Ned Ressnikof, for example, argues, “They [Trump and his allies] have no interest in creating a new reality; instead, they’re calling into question the existence of any reality. By telling so many confounding and mutually exclusive falsehoods, the Trump campaign has created a pervasive sense of unreality in which truth is little more than an arbitrary personal decision.” In this way, we have lost liberalism, and electing Trump legitimates that false reality. We cannot have a liberal democracy without a public reality at some level. And this is the key: the media did not lie; it showed people reality, and people preferred their own.
I think Pariser’s filter bubble, our algorithmic bubbles of online reality, has intensified this. So has the politics of trending, which is often blackboxed and shows a clear bias. So has the abundance of pseudonews and clickbait. We already have confirmation bias, and technology is only making this worse. It’s like fast food, building on our own baggage of evolution, but hurting our body politic, not just our body.
But as with any major change, we need to fight back. And for me, what this election has done is push me to reject any sense of comfort, similar to what Clay Shirky has argued about white liberals, that we can’t simply trust in some lie that we are a majority. Angry, driven people will vote for people like Trump; “moderate” liberals may not. I argue that we can’t simply rest in the privilege of moderate liberalism, as it is not strong enough to overcome alt-right rhetoric.

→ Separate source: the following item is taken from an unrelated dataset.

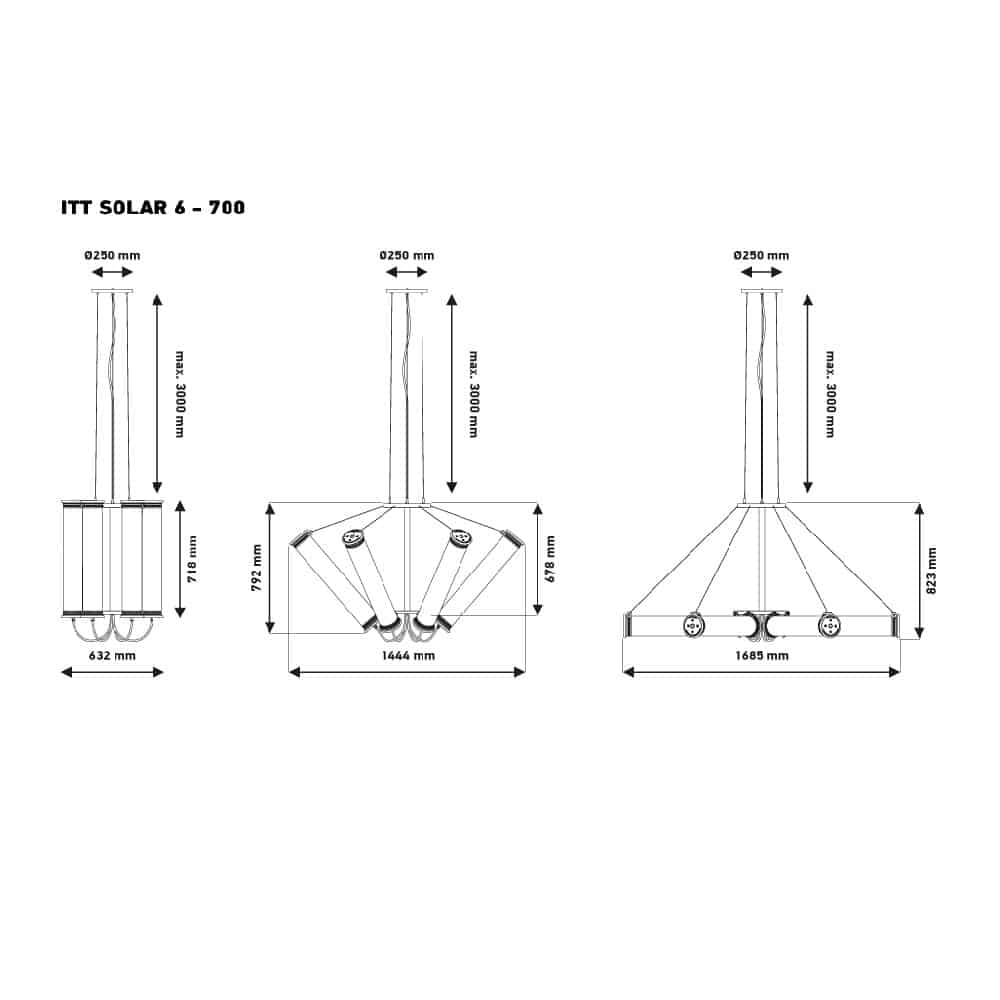 IN THE TUBE SOLAR 6-700 Sospensione - immagine 3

Instead, we need to make a strong coalition with those traditionally excluded by structures of liberal oppression; we need to actively fight, not fall back on “feel good” notions of liberalism and “getting along” and “smooth transitions.” People like Trump and his alt-right cronies will kick us when we’re down, and if we honestly want to win, we need to fight with the same force, gaining whatever victories that we can. We need to use whatever nonviolent tactics we can to fight Trump and the Discourse he represents. Increasingly, an uncritical “let’s all get along” is simply a violence that we can’t afford.